PROBLEM: Pictures excluded, return the lines below from the first through the line holding "Reasonable Price Dior Earrings CE6503".

⟨

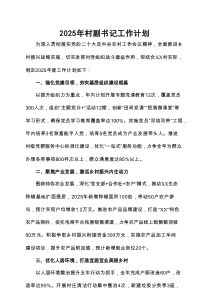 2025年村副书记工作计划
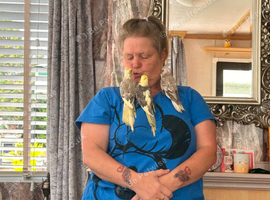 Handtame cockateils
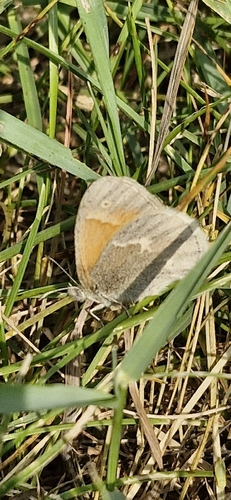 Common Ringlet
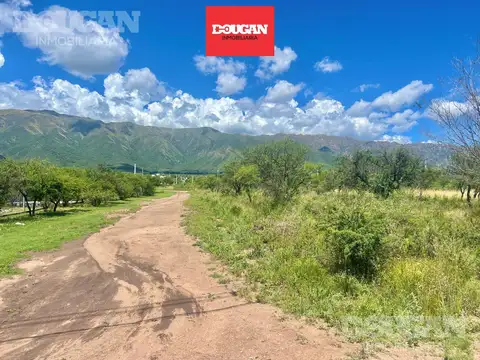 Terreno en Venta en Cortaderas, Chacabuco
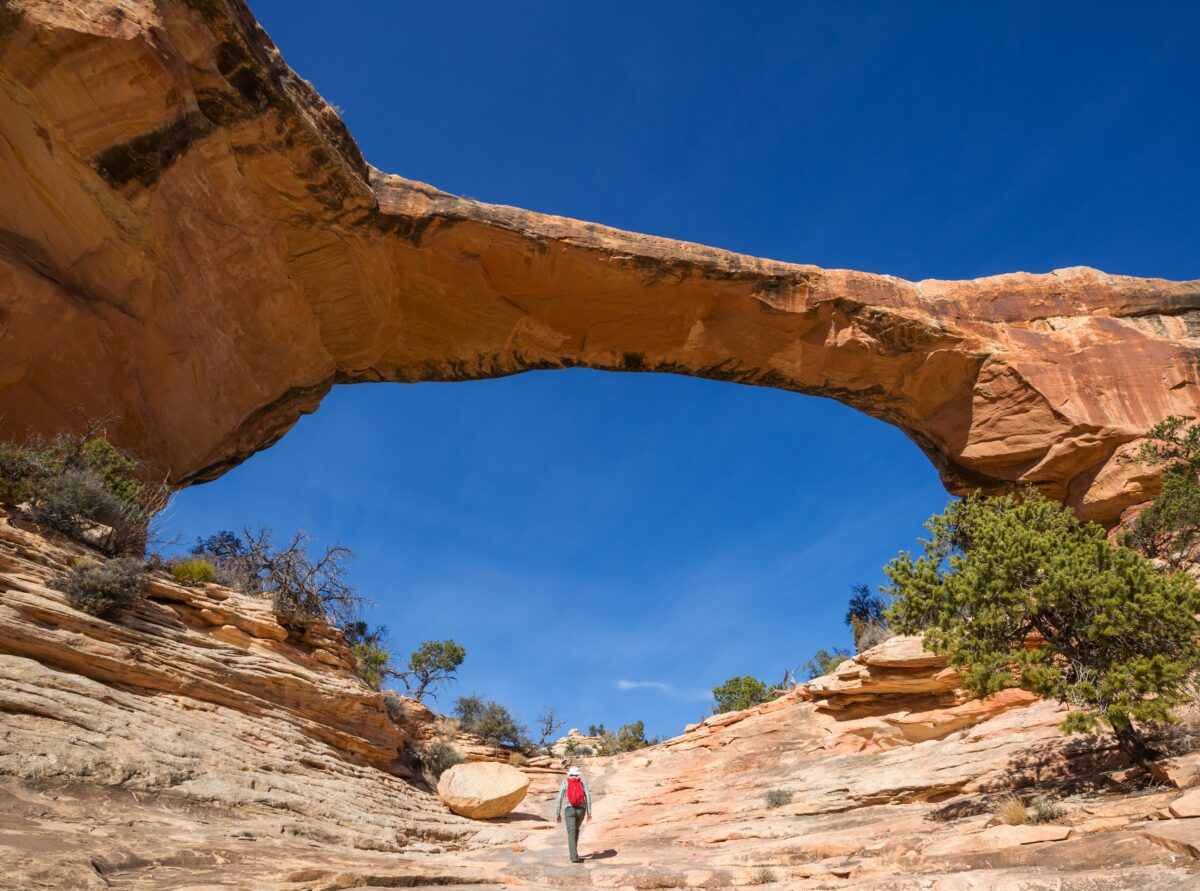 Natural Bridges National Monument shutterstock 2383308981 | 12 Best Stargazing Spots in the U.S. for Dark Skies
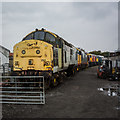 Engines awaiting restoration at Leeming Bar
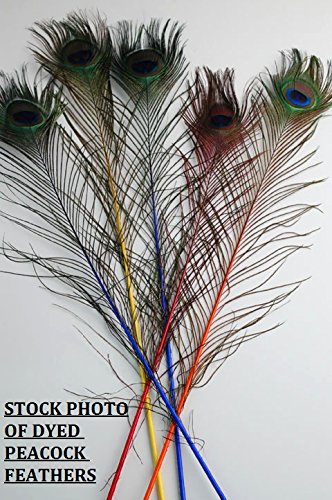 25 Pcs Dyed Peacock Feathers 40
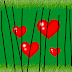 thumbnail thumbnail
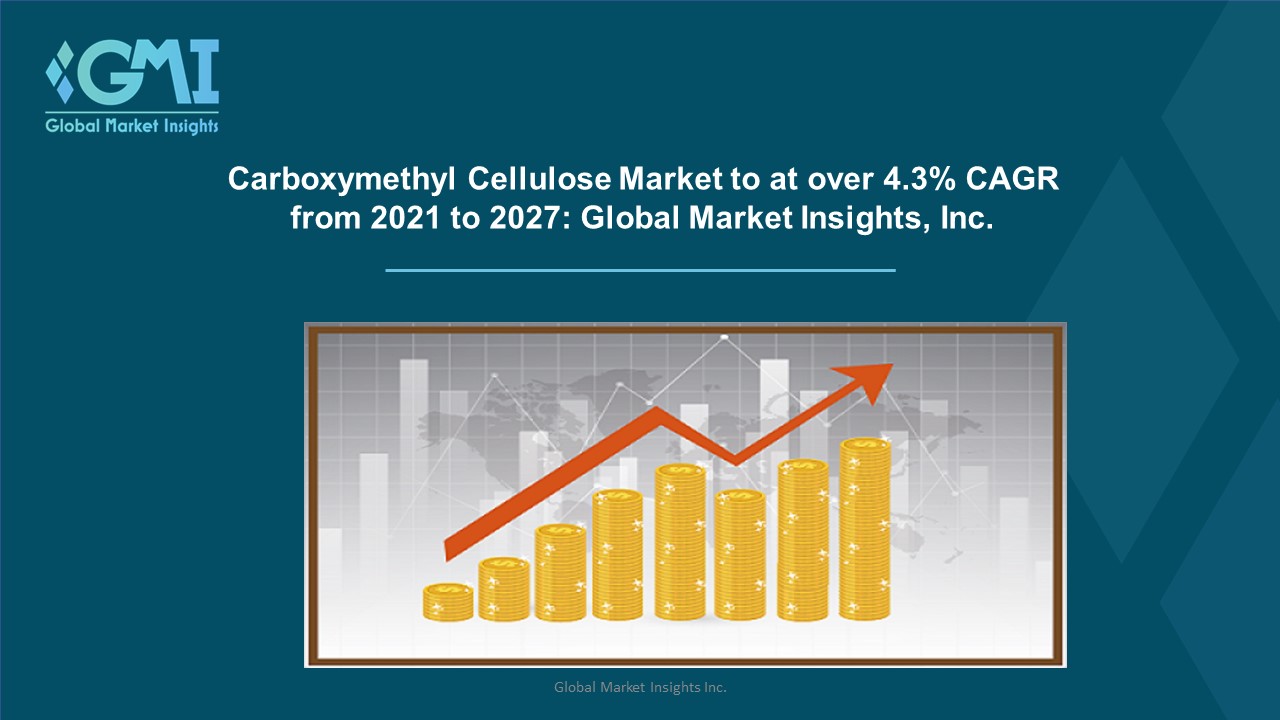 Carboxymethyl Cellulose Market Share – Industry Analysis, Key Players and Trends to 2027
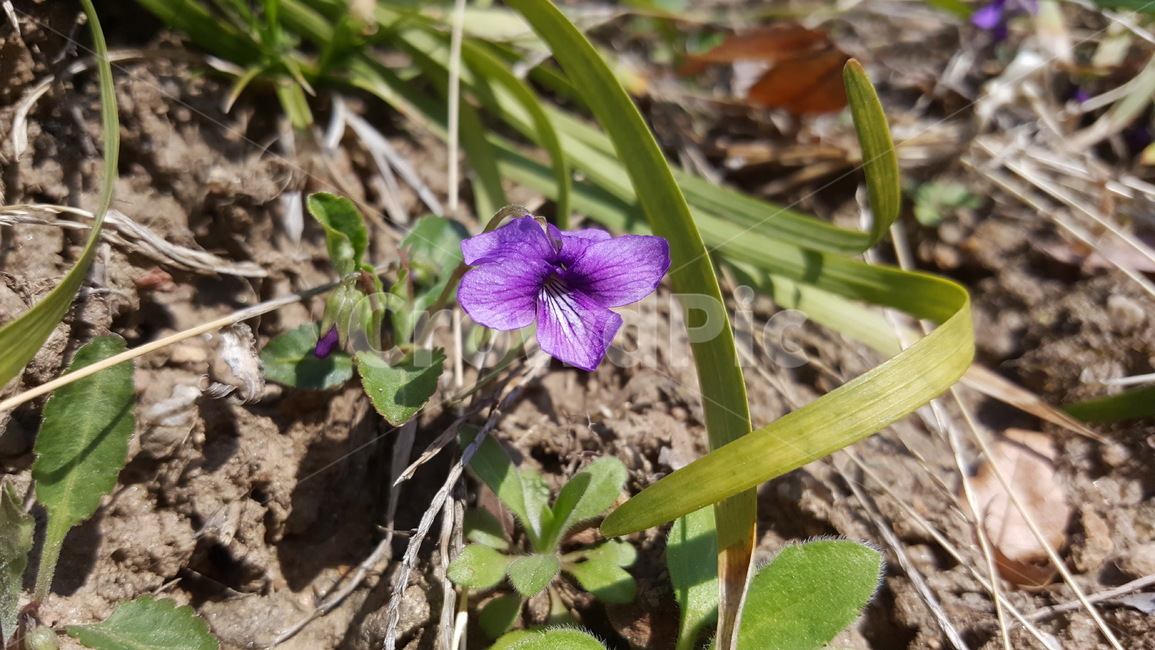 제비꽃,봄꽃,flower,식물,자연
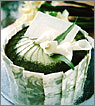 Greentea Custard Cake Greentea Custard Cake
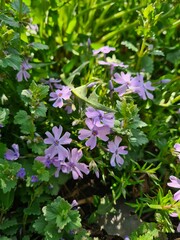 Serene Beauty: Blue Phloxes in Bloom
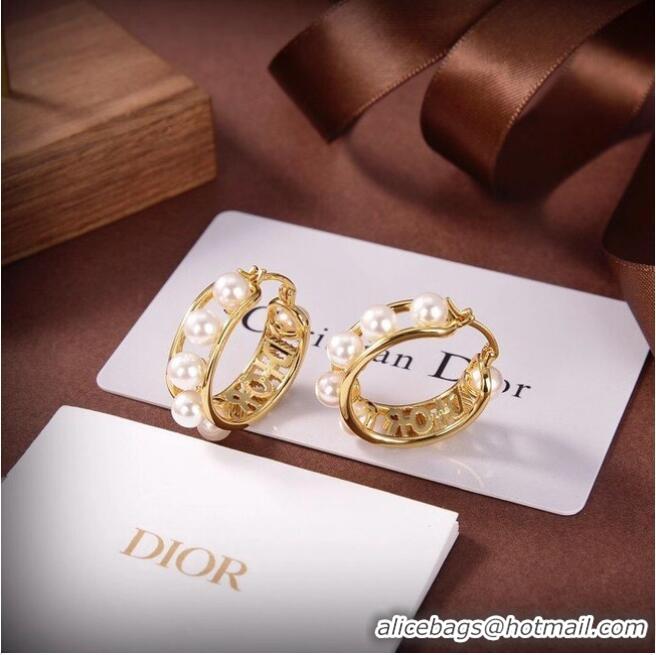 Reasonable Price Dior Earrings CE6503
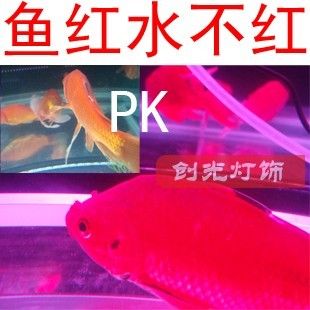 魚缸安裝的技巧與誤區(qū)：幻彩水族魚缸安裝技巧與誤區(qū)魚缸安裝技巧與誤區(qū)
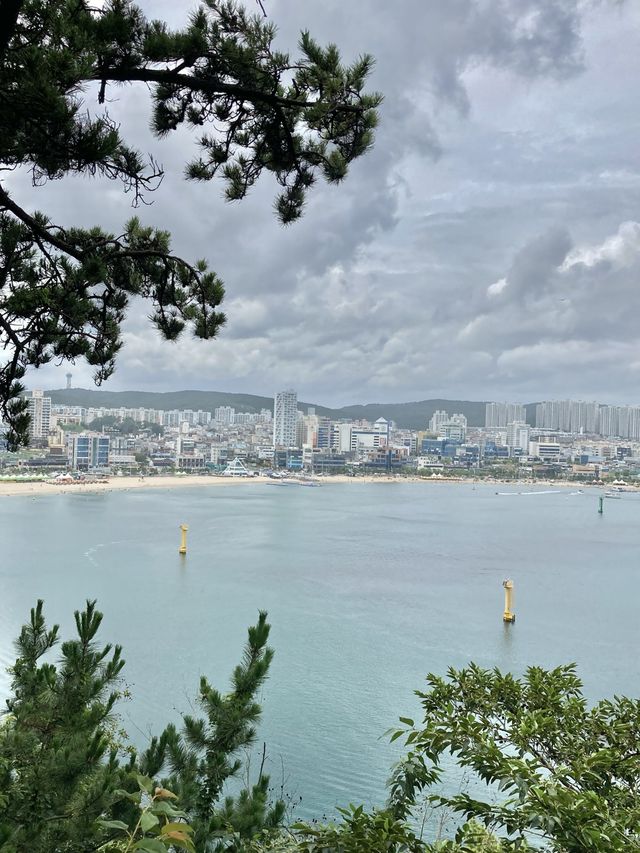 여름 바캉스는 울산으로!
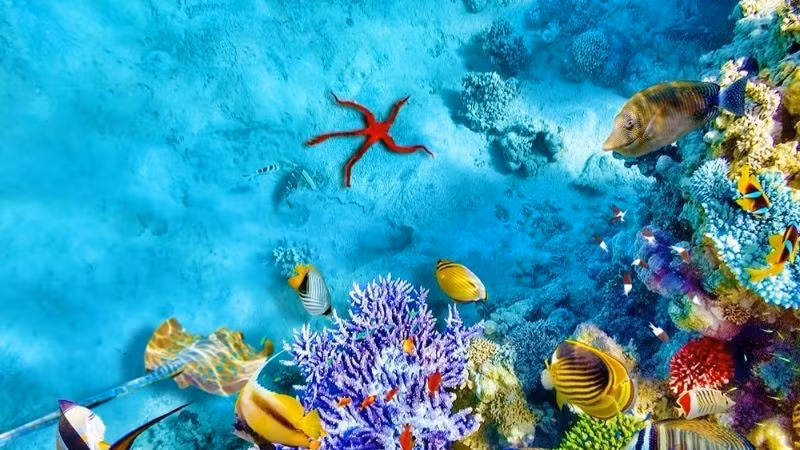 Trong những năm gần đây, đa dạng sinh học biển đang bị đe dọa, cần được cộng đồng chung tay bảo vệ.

⟩

REPLY TO THE TASK:
 2025年村副书记工作计划
 Handtame cockateils
 Common Ringlet
 Terreno en Venta en Cortaderas, Chacabuco
 Natural Bridges National Monument shutterstock 2383308981 | 12 Best Stargazing Spots in the U.S. for Dark Skies
 Engines awaiting restoration at Leeming Bar
 25 Pcs Dyed Peacock Feathers 40
 thumbnail thumbnail
 Carboxymethyl Cellulose Market Share – Industry Analysis, Key Players and Trends to 2027
 제비꽃,봄꽃,flower,식물,자연
 Greentea Custard Cake Greentea Custard Cake
 Serene Beauty: Blue Phloxes in Bloom
 Reasonable Price Dior Earrings CE6503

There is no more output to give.